In Norway, 18 schools decided to teach children how to write just by using PCs. So instead of spending hours and hours being taught how to draw the 26 letters of the alphabet using one hand, the children are taught how to type using all ten fingers. This makes the act of writing a lot easier for children.

Arne Trageton, the associate professor in education at Stord/Haugesund College says he is not opposed to handwriting. But points out that in the 'real' world, hardly anyone writes by hand anymore. Yet in our schools small children are forced to handwrite at a time when it is a challenge to their developing motorskills.

Traditional hand-writing skills are taught in the Norwegian schools - but they are introduced at the age of 8, when the children pick the skill up much more quickly.

The director of the school district, Vidar Aarhus, describes the practice as 'learning by playing' and believes that the children become better writers because they avoid 'technical difficulties' of mastering the physical act of writing.

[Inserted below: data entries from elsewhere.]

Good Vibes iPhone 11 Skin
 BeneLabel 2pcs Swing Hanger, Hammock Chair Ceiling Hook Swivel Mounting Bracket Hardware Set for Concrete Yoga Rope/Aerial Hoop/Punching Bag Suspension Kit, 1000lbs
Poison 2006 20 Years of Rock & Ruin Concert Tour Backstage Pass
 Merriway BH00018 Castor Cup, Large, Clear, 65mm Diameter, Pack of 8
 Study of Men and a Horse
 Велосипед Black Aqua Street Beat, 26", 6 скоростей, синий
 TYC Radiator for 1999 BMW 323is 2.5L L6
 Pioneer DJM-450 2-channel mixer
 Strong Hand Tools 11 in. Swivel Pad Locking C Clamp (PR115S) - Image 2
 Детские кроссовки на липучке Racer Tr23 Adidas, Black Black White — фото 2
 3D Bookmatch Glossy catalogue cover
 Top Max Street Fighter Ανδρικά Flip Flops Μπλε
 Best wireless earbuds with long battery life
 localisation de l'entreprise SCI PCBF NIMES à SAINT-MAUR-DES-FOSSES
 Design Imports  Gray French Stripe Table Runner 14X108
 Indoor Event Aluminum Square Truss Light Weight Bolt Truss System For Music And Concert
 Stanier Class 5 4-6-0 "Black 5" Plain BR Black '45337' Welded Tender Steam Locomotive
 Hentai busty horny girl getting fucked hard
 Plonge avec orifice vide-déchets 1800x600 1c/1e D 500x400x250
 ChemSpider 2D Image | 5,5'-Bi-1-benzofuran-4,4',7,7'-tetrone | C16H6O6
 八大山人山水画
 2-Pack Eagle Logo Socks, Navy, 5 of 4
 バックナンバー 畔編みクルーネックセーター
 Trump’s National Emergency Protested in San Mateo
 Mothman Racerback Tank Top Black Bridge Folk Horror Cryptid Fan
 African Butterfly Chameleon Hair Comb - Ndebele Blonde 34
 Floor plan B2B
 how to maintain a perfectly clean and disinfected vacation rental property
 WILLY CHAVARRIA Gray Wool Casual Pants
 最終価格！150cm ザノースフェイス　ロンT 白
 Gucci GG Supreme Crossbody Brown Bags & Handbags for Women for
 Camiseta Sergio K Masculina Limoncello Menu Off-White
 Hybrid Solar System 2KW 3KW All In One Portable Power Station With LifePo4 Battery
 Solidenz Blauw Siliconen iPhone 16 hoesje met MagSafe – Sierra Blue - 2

Handwriting still matters in today's school system. Despite the fact that most pupils will graduate into a world where the occasional scribbled post-it note is likely to be the most they will have to hand-write, they must take exams by hand. Research has shown that pupils with faster handwriting get better exam results. The researchers who discovered this have recommended that we teach handwriting throughout school. Why? Why not teach children the keyboard skills they're going to need - the skills that will give them an advantage in the 'real' world? And why not let them take exams by PC?

But back to Writing without Pencils. I really like the idea that children can spend time becoming creators at an early age, rather than consumers. And instead of making small children sweat over recreating a legible 'q', you can free them to explore creating words and sentences, to expressing themselves.

Has anyone experienced this method of teaching a child to write?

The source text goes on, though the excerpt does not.